I will consider the syntax of video data and its semantics separately, starting with the definition and identification of hypomena, and then proceeding with the definition of events based on these. Since the neologism "hypomenon" is quite unusual and its repeated use might result cumbersome, I will not make use of it, except in circumstances in which the distinction between hypomena and events is crucial. It should be always remembered, however, that in this section whenever I talk about events, I really mean hypomena.
The topic of this section is the description of a video sequence in terms of events (hypomena), and their detection in a video sequence given such description. I will start with some epistemological assumptions. Like all such assumptions they constitute a framework (some might say a straitjacket) that, by its very presence delimits the range of phenomena to which the ensuing model will apply, selecting some at the exclusion of others. The pragmatic justification of such a framework is, of course, that many of the phenomena that one intends to study fall within it. I believe this to be true for the model of events that I am going to present but I make, of course, no claims of theoretical completeness.
The assumptions of the model are the following:
Events are related to some change or discontinuity in the video sequence. These include discontinuities in a suitable transformed space of the individual frames (e.g., a sudden change in the chromatic distribution of the images) or changes that do not entail discontinuity (an object moves from A to B). Note that this statement does not mean that "events are changes." As the example of the unfortunate lover above reminds us, depending on the particular semantic system employed, the absence of a specific change at a certain time or during a certain time span can constitute an event.

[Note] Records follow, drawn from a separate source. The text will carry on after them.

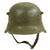 Original Imperial German WWI M18 Stahlhelm Army Helmet with Post War Liner  - marked E.T.64 Original Items
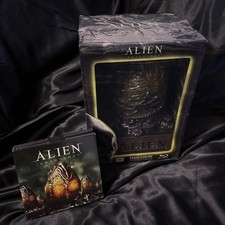 🔥RARE Sideshow Alien Anthology Limited Edition Blu-ray OOP🔥 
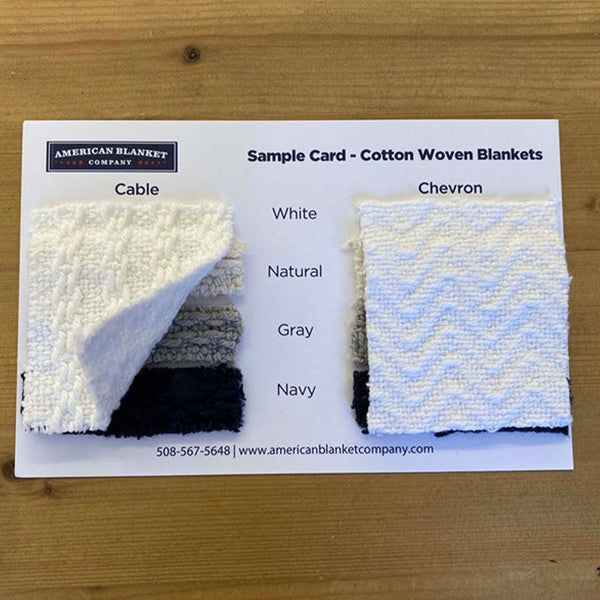 Fabric Sample Cards American Blanket Company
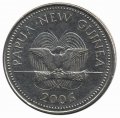 Папуа - Новая Гвинея 20 тойя 2006 год - Казуар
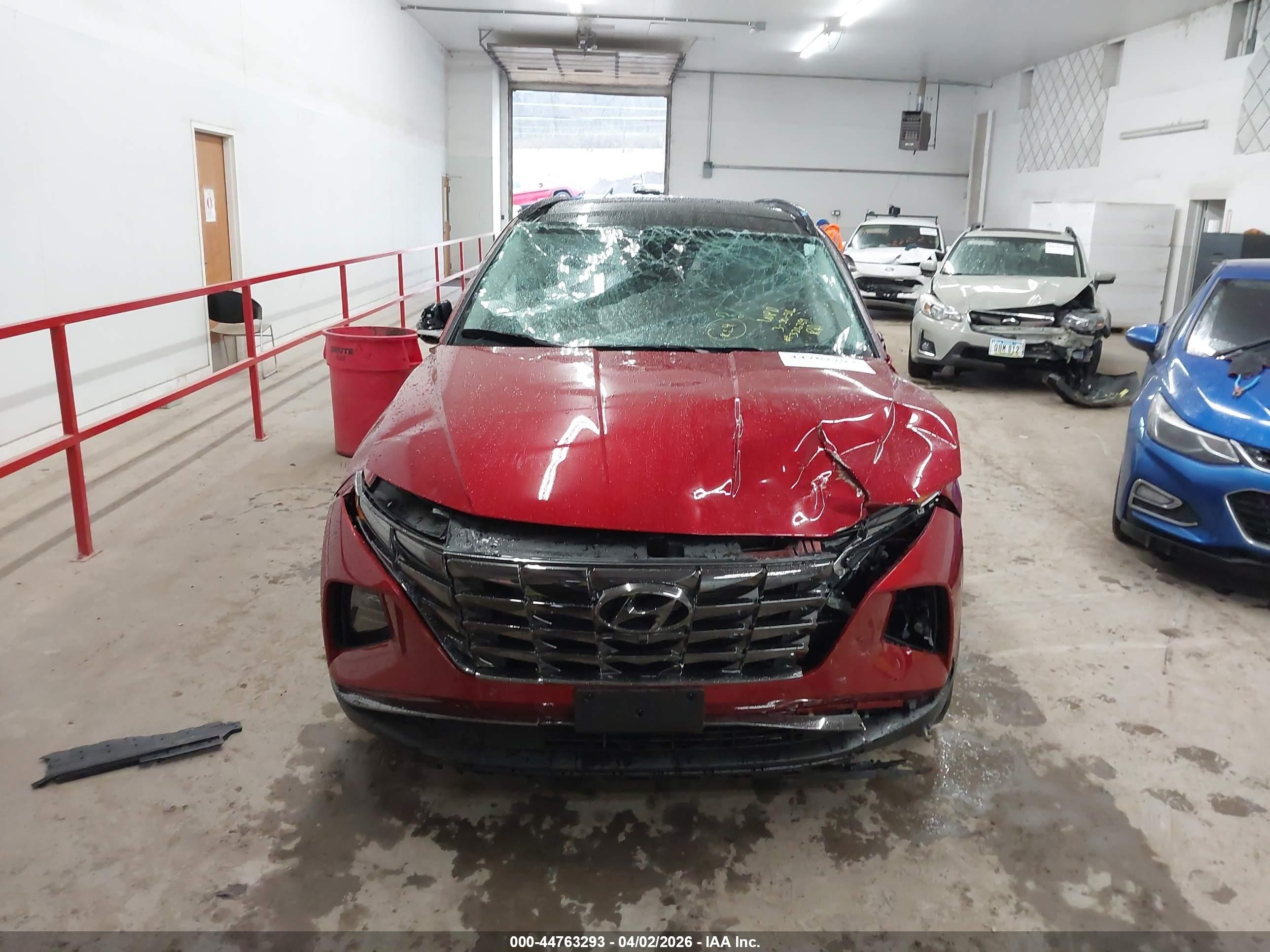 2024 Hyundai Tucson Limited Red vin: 5NMJECDE9RH431799
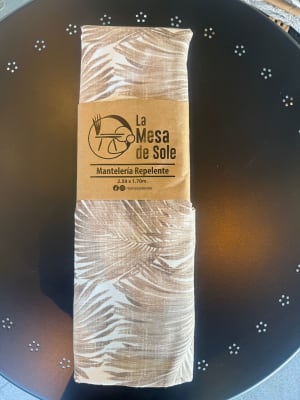 Mantel Rectangular 2,50X1,70m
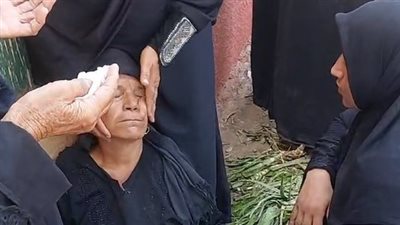 صراخ وزغاريد وإغماءات.. انهيار أهالي عزبة ساكس بالغربية لحظة دفن شاب توفي بعاصفة دانيال في ليبيا| بث مباشر 
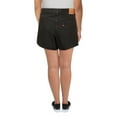 thumbnail image 2 of Levi's Womens Plus High Waisted Mom Shorts Denim Shorts, 2 of 2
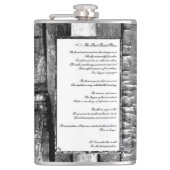 Laatste Stille Plaats Heupfles (Voorkant)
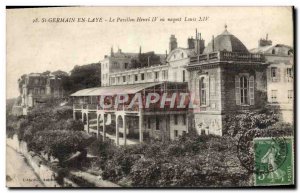 Old Postcard Saint Germain en Laye Pavillon Henri IV or Louis XIV was born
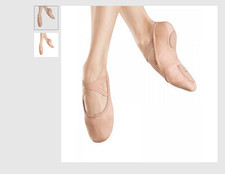 S0282L Bloch Women's Zenith not returnable 8 C Pink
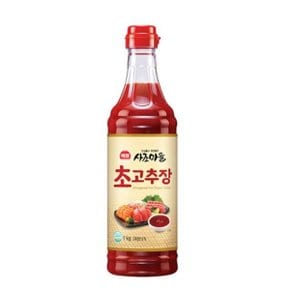 해표 사조마을 초고추장 1kg x 10개 한박스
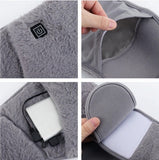 Electric Belly Warmer and Hand Warmer Heating Belt for Menstrual Pain and Lower Back Relief, Soft Belt, 3 Heat Settings In Australia - Darrahopens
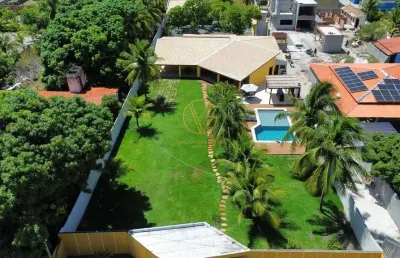 Casa com 5 quartos à venda na Barra do Jacuípe, Camaçari 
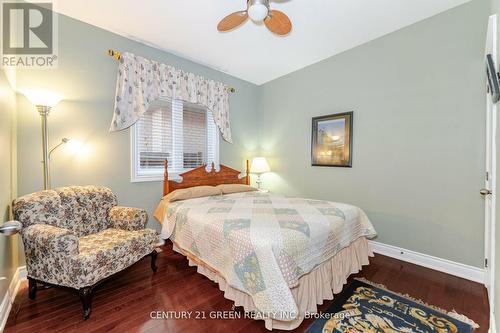 4 Pasadena Avenue, Brampton (Bram East), ON - Indoor Photo Showing Bedroom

Hypomena form a syntactic system at which base are simple (i.e., atomic) occurrences. This assumption derives from the requirement that the syntactic formalism should make the structure of a composite event as explicit as possible. The simple events themselves derive from primitive detectors which are outside of the syntactic formalism and are, as such, indivisible inside the formalism, (since the formalism expresses every aspect of the structure we might), they are atomic.

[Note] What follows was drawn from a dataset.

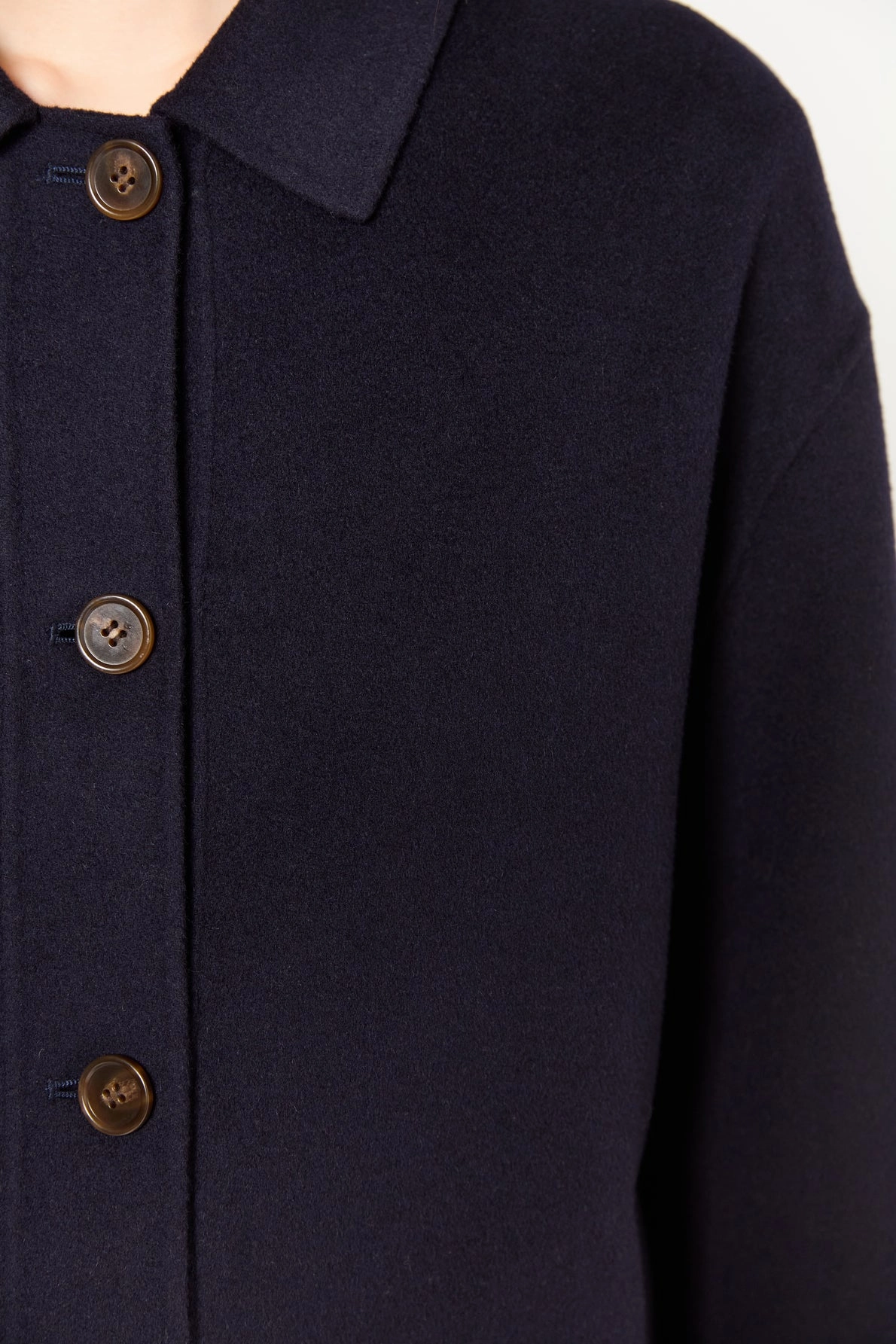 Coat Baptiste Dbm21b006 Navy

Atomic events take place in a single step of a discrete time sequence. This is mainly a technical assumption (discrete time interval make it easier to compose events, as will be seen in the following). The requirement that events take place in a single time step (that is, that they have zero time length) doesn't impact the expressivity of the model: for every event which lasts from t_{1} to t_{2} ≥ t_{1} it is always possible to define the two events α (the beginning) and ω (the end) which take place at times t_{1} and t_{2}, respectively.

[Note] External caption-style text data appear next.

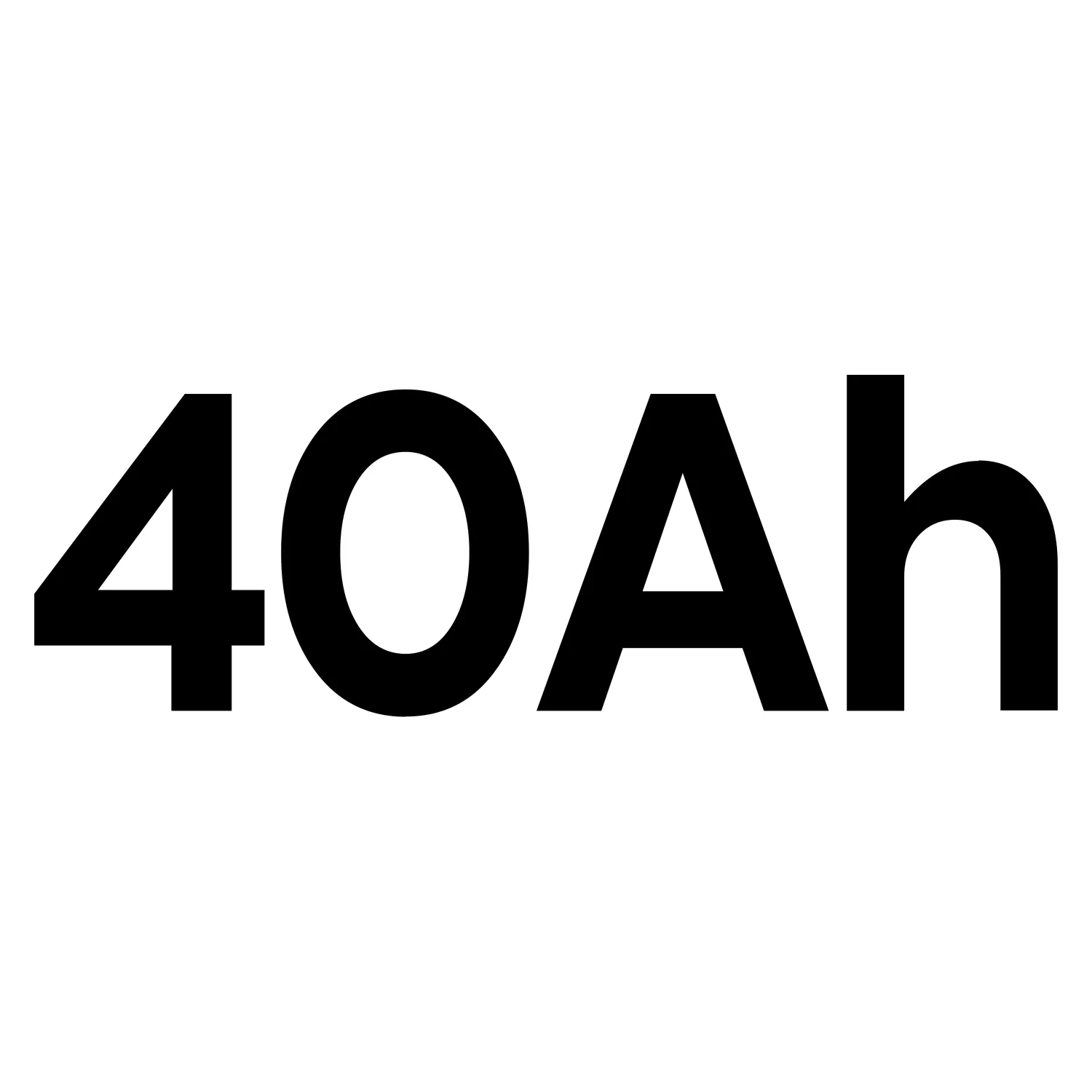 72V 40Ah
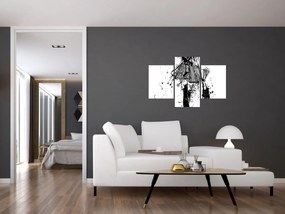 Tablou - Spectacol de modă (90x60 cm)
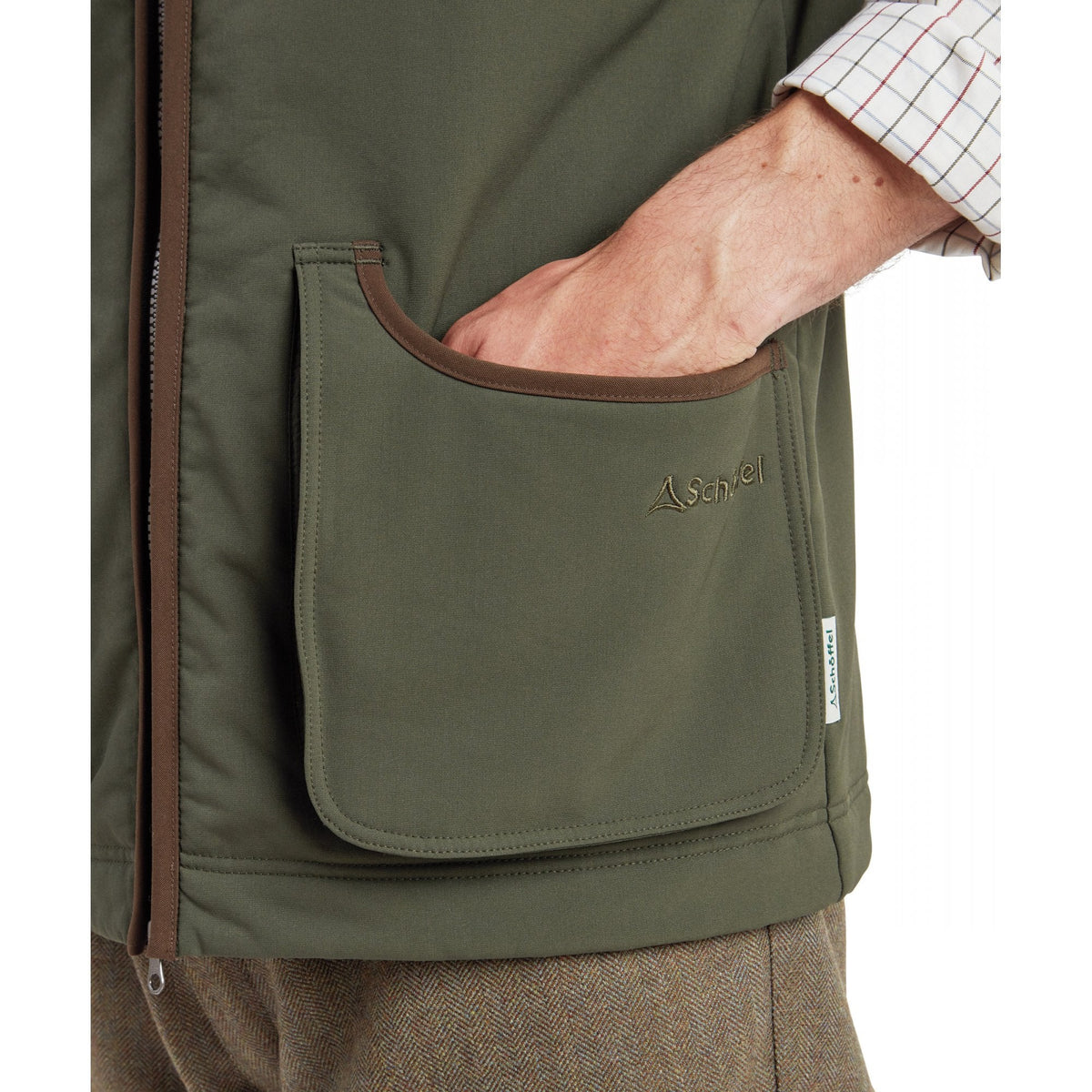 Gunby Gilet - Forest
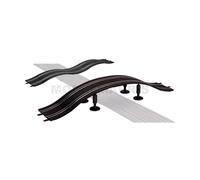 Hump Track / Bridge - GO!!!/Digital 143 Accessory - Carrera CA61649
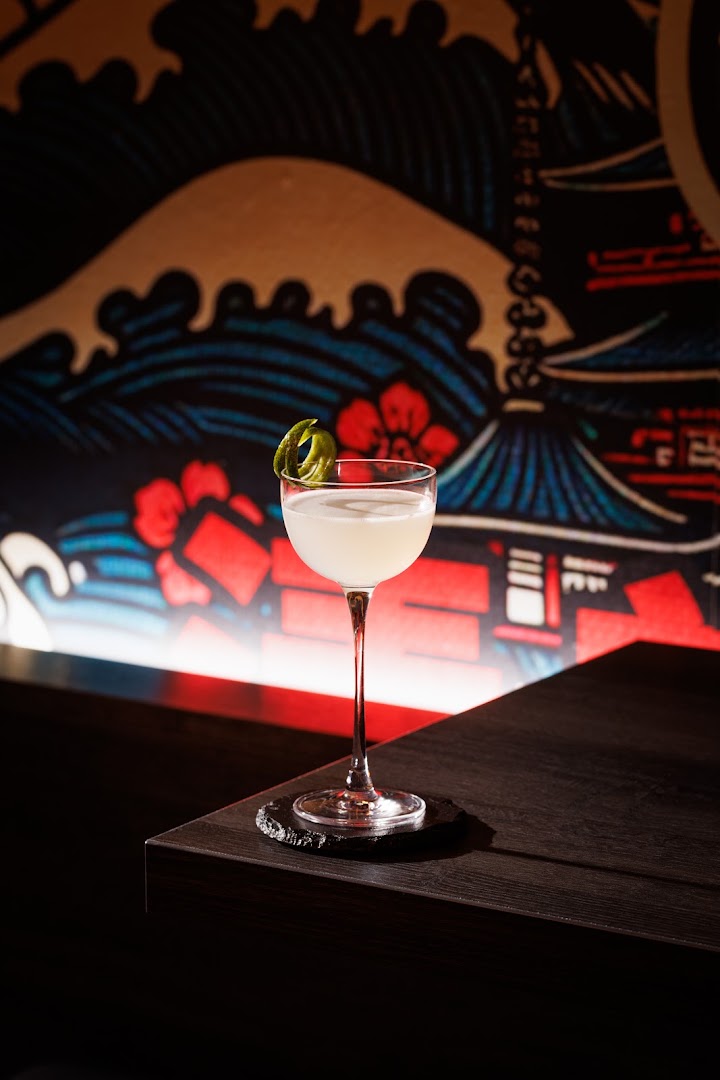 Yakuza Bar: professional, high-quality cocktail photo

Several systems for the specification of events have been studied in the literature. The formalism introduced here will follow to a large extent that of Snoop [10] and of EPL [11].
Let T be the ordered countable set of time instants. Three special constants are defined: the constant 〈 (now), the constant 0 (beginning of times), and the constant ∞ (infinite time).
The constant 〈 represents the current system time, 0 is the constant such that, for all times t, t ≥ 0 is true, and ∞ is the value such that, for all times t, t ≤ ∞ is true.
An absolute event 〈[t_{1}; t_{2}]〉 is the specification of an absolute time t_{0} or of a time interval [t_{1}, t_{2} ], with t_{2} ≥ t_{1}.
A simple event is an event that is detected outside the system using a suitable video processing subsystem. ^{[6]} Several video processing systems have been designed to detect specific simple events, and it is beyond the scope of this chapter to analyse them beyond a few bibliographic references. The system in [12] uses colour, texture, and motion to extract motion blobs, and a neural network to determine whether the blob belongs to an object of interest. The system in [13] uses similar features in context of a rule-based system for detecting events of interest in sports videos. Other systems and algorithms useful in this context can be found in [14, 15, 16, 17, 18]. In this chapter, I will simply assume that a suitable source of simple events, endowed with suitable attributes, will be available.
I will distinguish between event types and event instances. An event type is an expression that specifies a class of events using an expression E derived from the language described below. An event instance for E is a specific sequence of events that satisfies the expression E.
I will make a form of closed world assumption in the sense that I will assume that there is a finite database of expressions Ξ ={E_{1},...E_{N}} upon which the constructs operate.
Let E_{1},...E_{n} be types, then the following are event types:
(E_{1}, E_{2}): sequence of events. An instance of (E_{1}, E_{2}) consists of an instance of E_{1}, immediately followed by an instance of E_{2}. The meaning of immediately followed will be clarified in the following section but, roughly, it means that if E_{1} takes place at time t, E_{2} takes place at time t+1.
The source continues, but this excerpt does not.